ワーク&ライフ・エンゲージメントとは、仕事や人生に関して持つポジティブで充実した心理状態のことで、活力や熱意があり、高い集中力で物事に取り組むことを目指すもの。脳の感情部分を手術で除去せざるを得なかった人の、手術後の足跡を追った話があり、「感情は意思決定をつかさどる」との結論へ至った。
・中村天風が「心の思いが人生を創る」と述べているように「心のあり方、使い方」をどのように高めていくか、「感情のマネジメント」がこれからの人生100年時代で求められる。
・心臓の鼓動のリズムは、「フラストレーションの状態」では大きく不安定に波打つ一方で、「感謝の状態」では安定して波打つと心電図で分かっている。
中村天風が「何をする場合でも、現在恵まれていることに感謝しなさい」と述べたように、感謝の科学的な効果が明らかになってきた。

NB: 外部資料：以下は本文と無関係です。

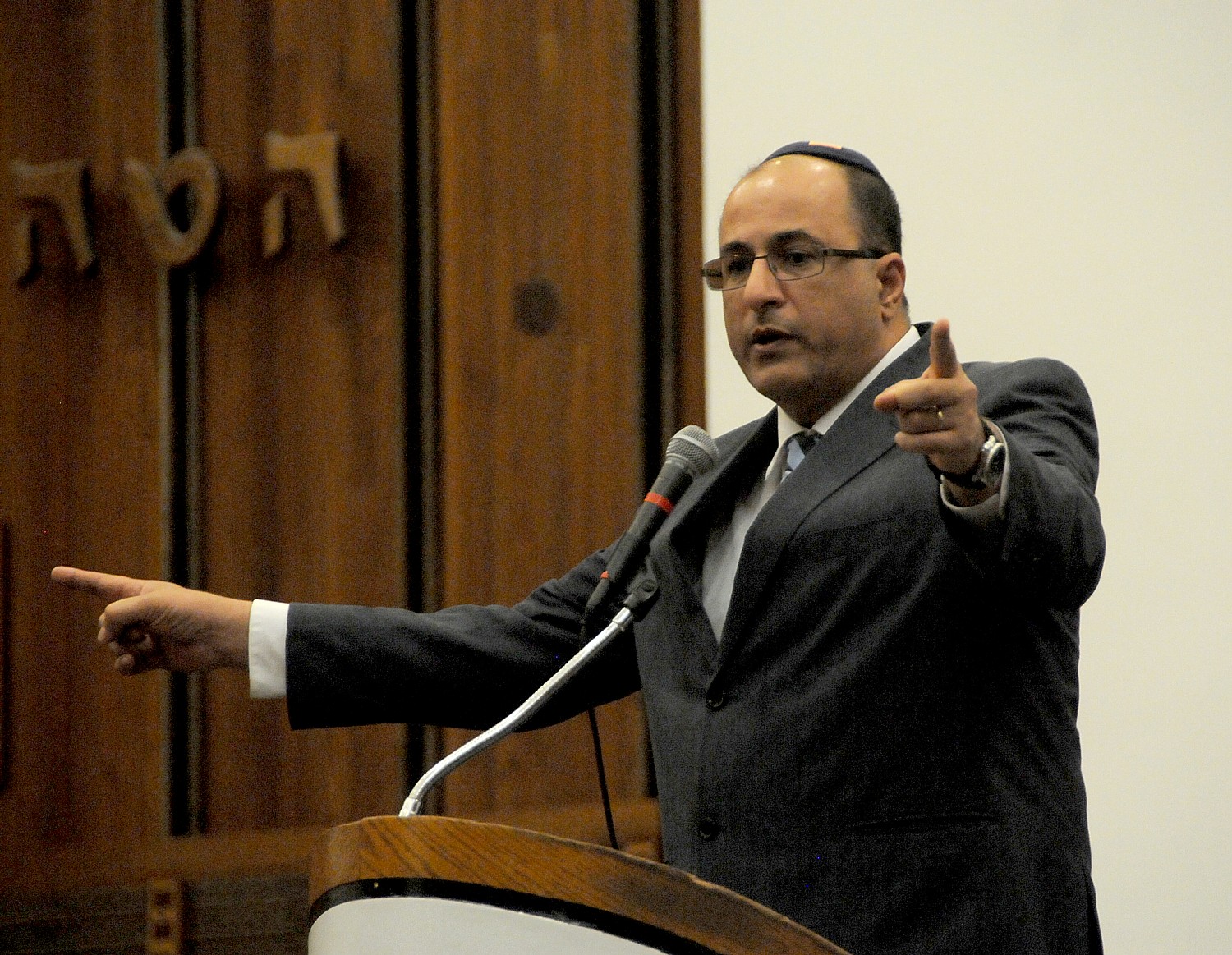 Ambassador Ido Aharoni of Israel at Great Neck Synagogue: "The root cause for instability in the Middle East has nothing to do with Israel-Palestinians." © 2015 Karen Rubin/news-photos-features.com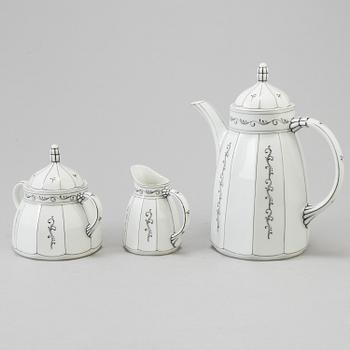 A set of 26 pieces of a coffee service, designed by Einar Forseth, Lidköpings porslinsfabrik, 1920´s.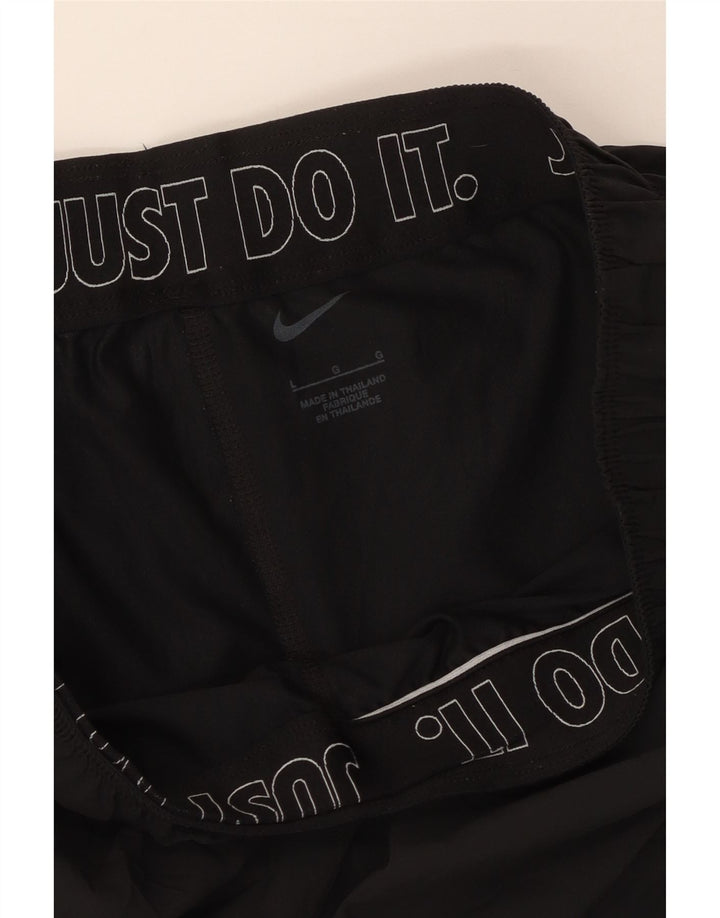 Γυναικείο αθλητικό σορτς NIKE UK 14 μεγάλο μαύρο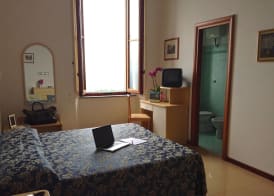Hotel Croce di Savoia 5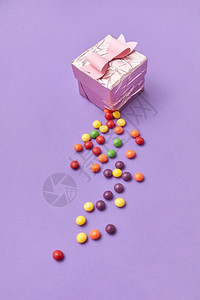 彩色的礼卡糖果在紫背景的复制空间上彩色的糖果盒紫背景的彩糖果盒图片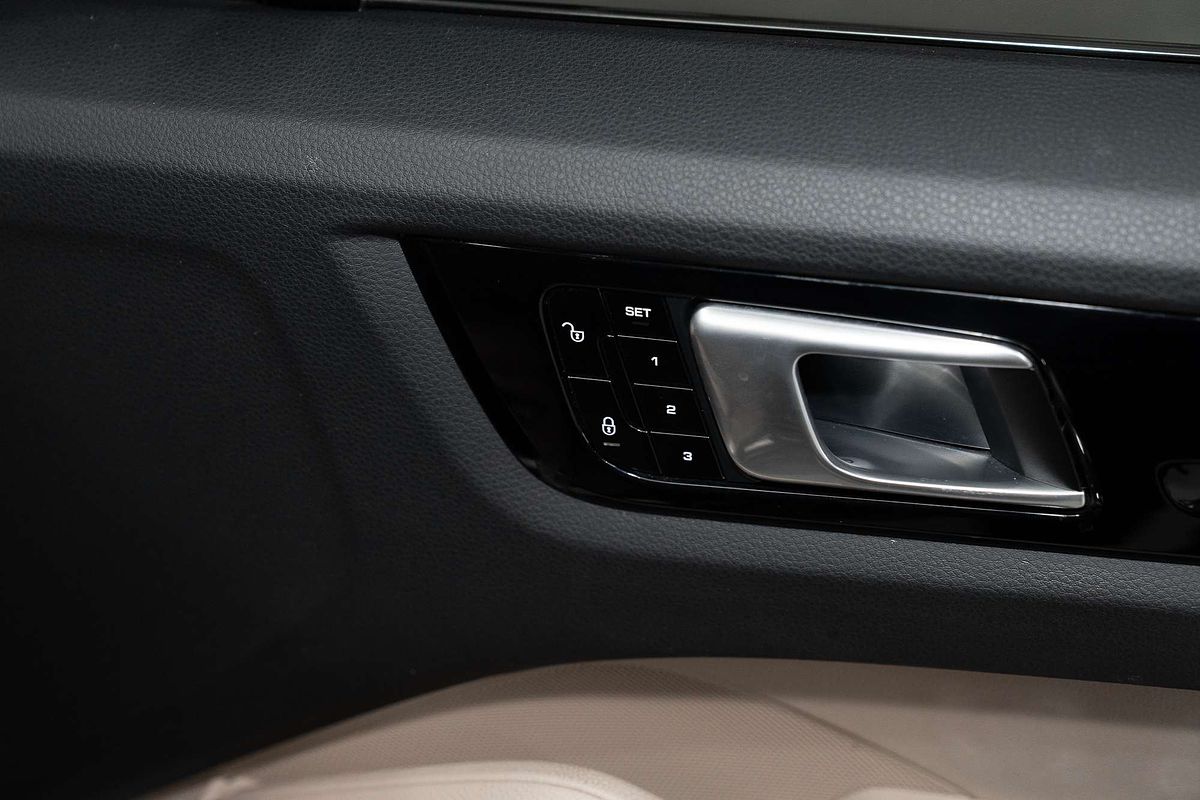 2018 Porsche Cayenne  9YA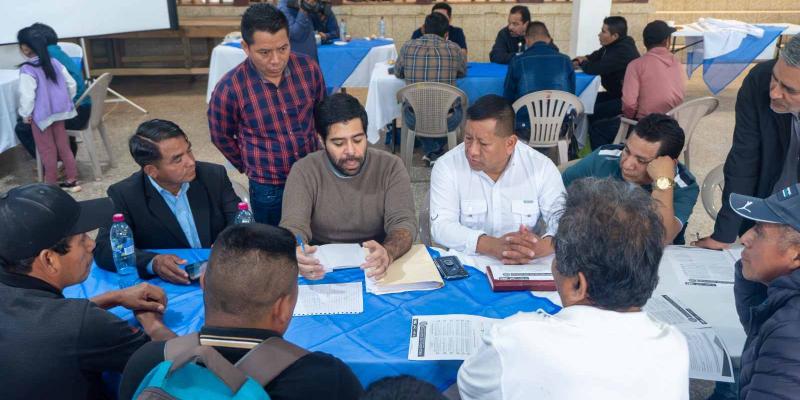 CIV trabaja con autoridades locales y población para desarrollar proyectos en Quiché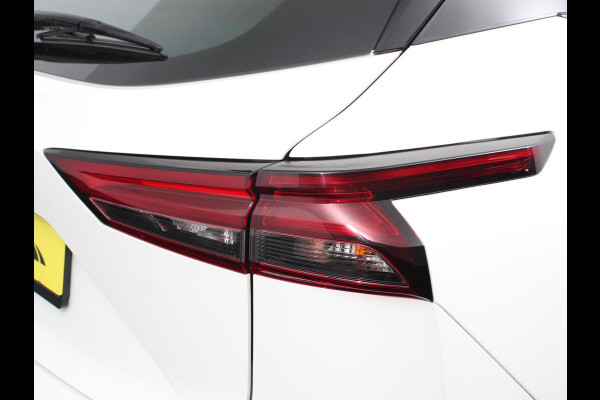 Nissan QASHQAI 1.3 MHEV Xtronic Acenta Navigatie Apple Carplay/Andoid Auto Parkeersensor achter Camera Adaptive Cruise Control Blind Spot Assist Stuur- en stoelverwarming Ledverlichting Climatronic Nissan QASHQAI 1.3 MHEV Xtronic Acenta Navigatie Apple Carplay/Andoid Auto Parkeersensor achter Camera Adaptive Cruise Control Blind Spot Assist Stuur- en stoelverwarming Ledverlichting Climatronic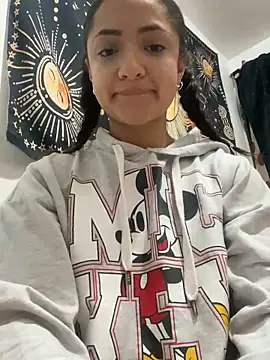 Snapshot of Alicia_ALICIA chatting on 12/16/24, 05:17 Alicia ALICIA online show from 12/16/24, 05:17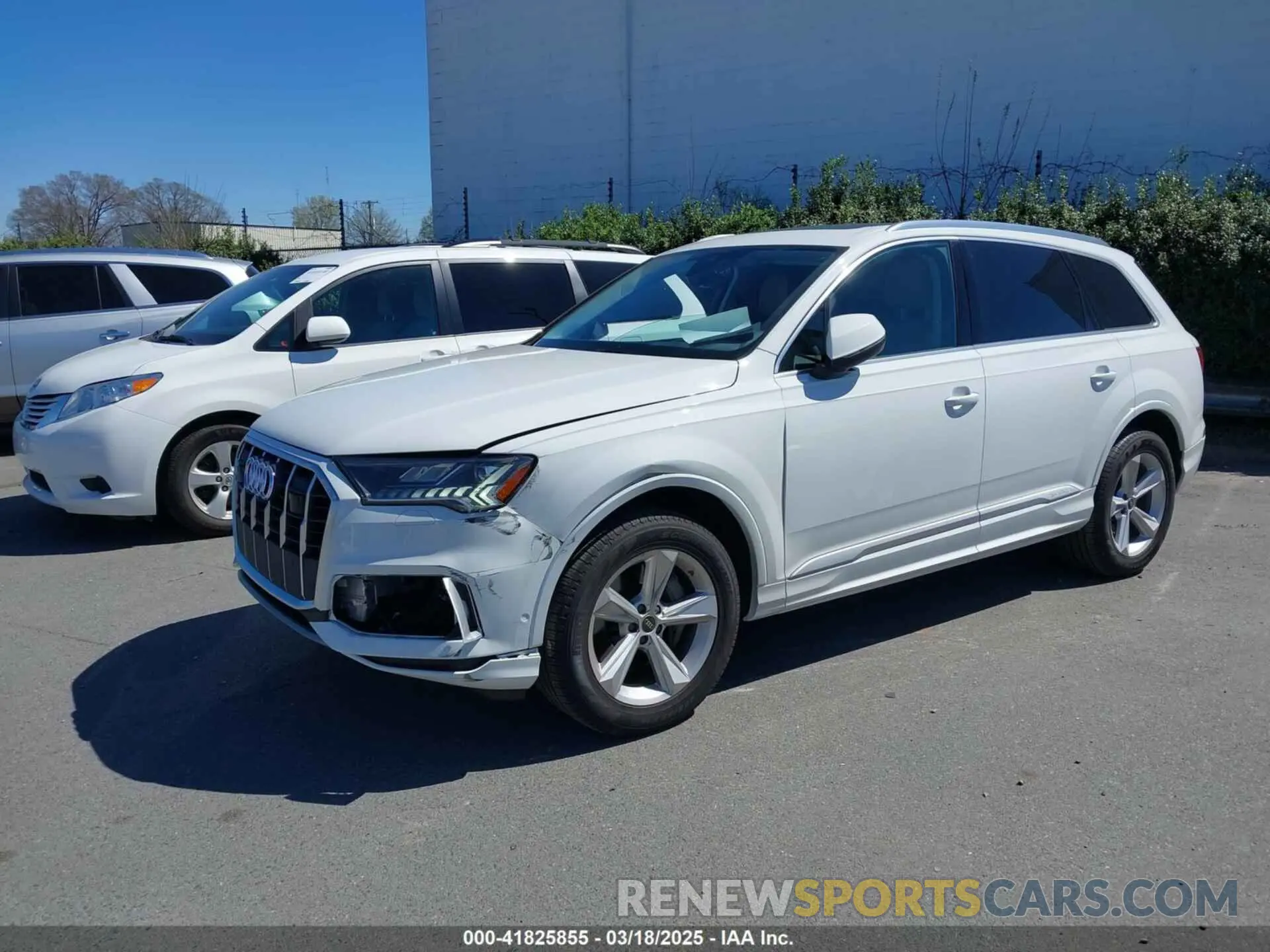 2 fotografías del automóvil dañado WA1LCBF72PD031042 AUDI Q7 2023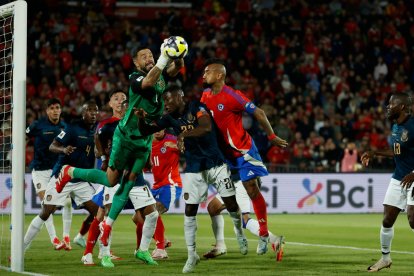 Ecuador y Chile empataron 0-0 en Santiago.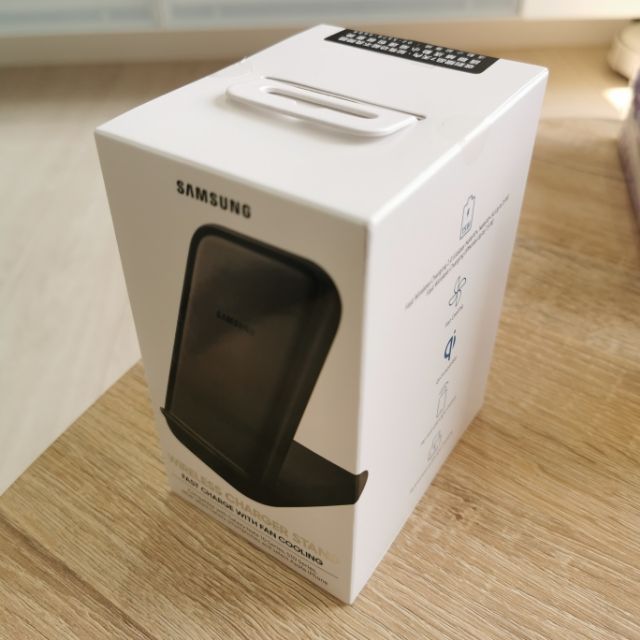 Udn買東西
SAMSUNG 原廠15W無線閃充充電座EP-N5200 (黑)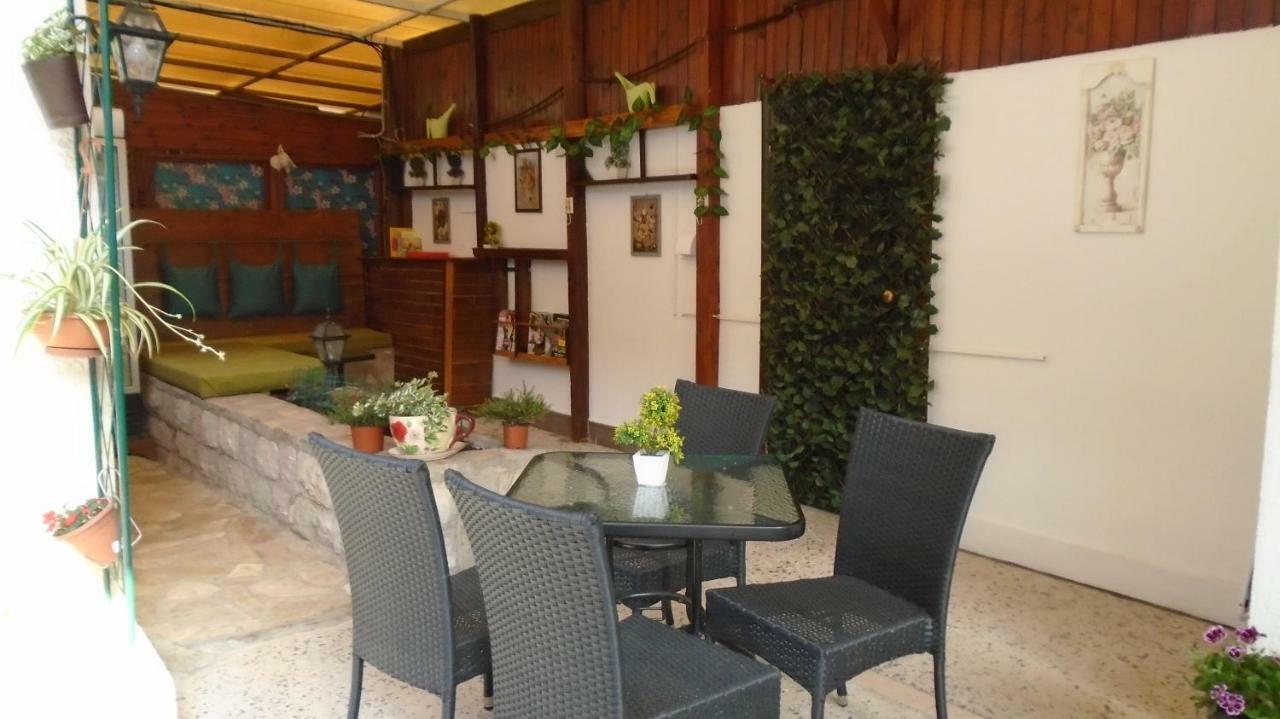 Guest House Villa Castio Petrovac Екстер'єр фото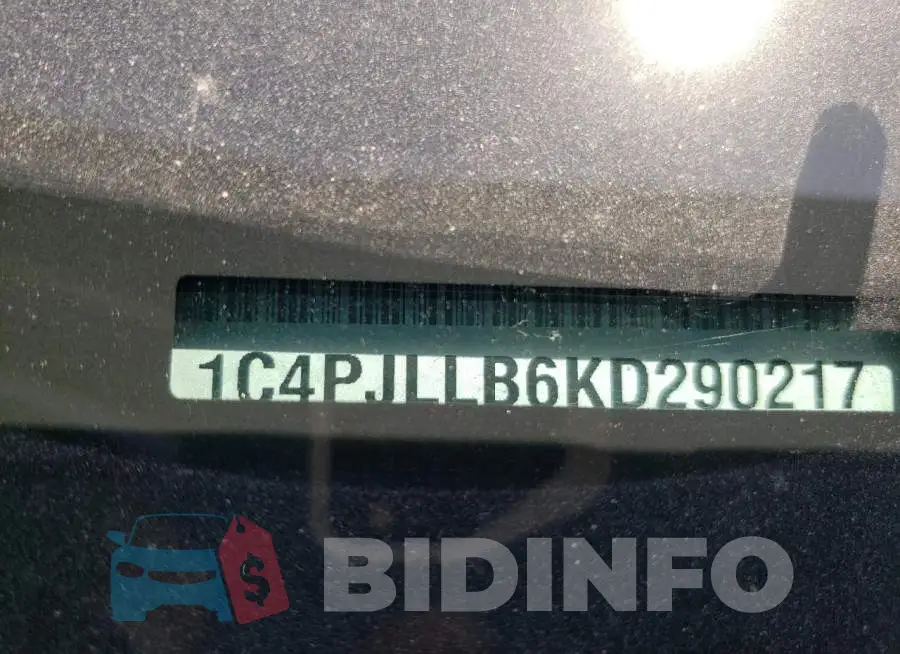 1C4PJLLB6KD290217 Photo# 13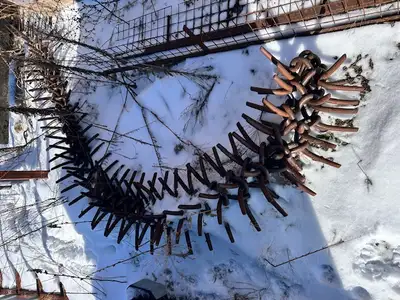 approx 20 Ft of tines , bearing ends and turnbuckle , 3" banjo valves , Offers call or text 519 854...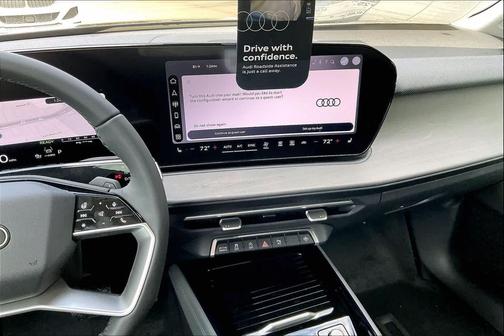 Mythos Black me 2026 Audi Q3 TFSI quattro S tronic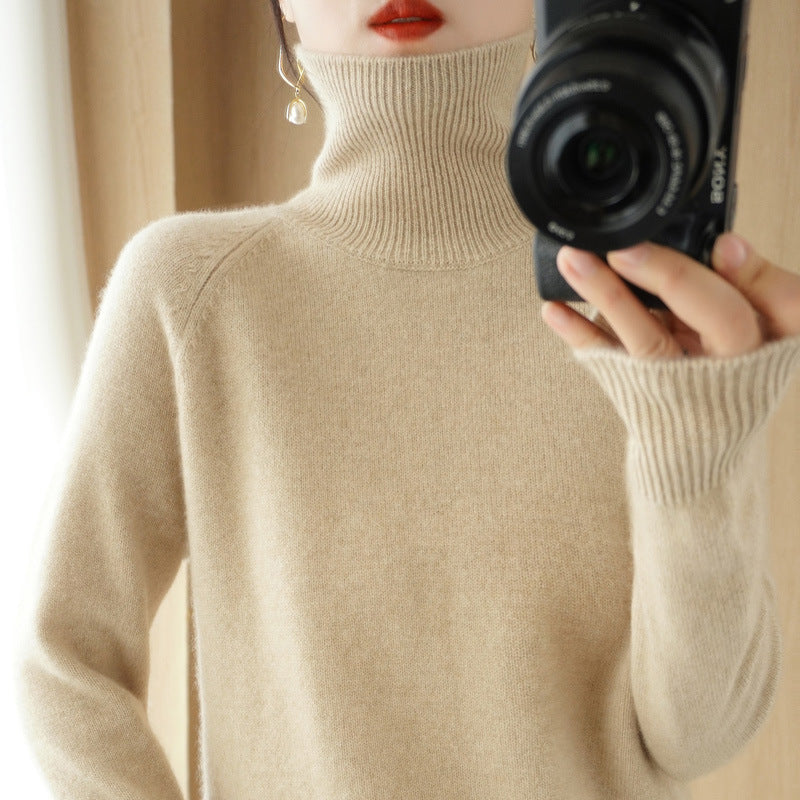 Damen Luxus-Feinstrick-Rollkragenpullover mit Daumenlochbündchen und femininer Schulterpasse Echoarchiv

最後には、会場全員で呼吸を意識した感謝の瞑想を行い、締めくくりました。
心や感謝を具体的に説明し、現代の心理学と、天風哲学との共通点を分かりやすく説明していただきました。

(3)第3部

最後の第3部で、中村天風財団の宮井芳行講師には
「AI・ロボット時代を幸せに生きるために」
という題目でお話をいただきました。

(宮井氏)

人生100年時代を幸せに生きるために、AIやロボットがますます進出してくる時代になるからこそ、様々な人とのつながりを持ち、困難をチャンスと考える強い心を持つことが重要となる。
心を積極化するための簡単な暗示法をいくつか紹介すると
1.人にイラッとした時に「この人が幸せでありますように」と3回心の中で呟く。
2.寝る前に鏡に顔を映し、眉間に向かって「おまえ心が強くなる」とか、「おまえ英語が好きになる」、「あなたは心が元気になる」などと呟く。
3.心が楽しくなることを考えて寝る。
4.朝起きたら「今日おれは心が強くなった」と断定する。
などがある。

講演だけでなく、後出しジャンケンという実験を行い、ジャンケンの勝ち負けを通じて、潜在意識が持つ影響力の強さを分かりやすく実感させ、場を盛り上げていただきました。
最後は「世界一うるさい瞑想法かもしれない」と銘打って、ブザーを使用した安定打坐で締めくくりました。

(手を一回パンと叩いて行う安定打坐法の解説)

(4)最後に

中村天風財団の講演会や行修会には参加したことの無い方にも多くご来場していただきました。
終了後、「新しい視点で分かりやすかった」「気づきの多い時間となった」などの感想をいただきました。また、第1部の中で、100年ライフを生きるための「変身資産」として「多様な人的ネットワーク」が例に上げられましたが、中村天風財団の集まりに参加する中で、自然と人的ネットワークが増えていき、変化に強くなりながら成長できているとの声もありました。

北海道ブロックの100周年企画は終わりましたが、北海道の会は、101年目以降も新しい試みを継続して、様々な年代の方と天風哲学を楽しんで学んでいけるように日々工夫していきたいと考えております。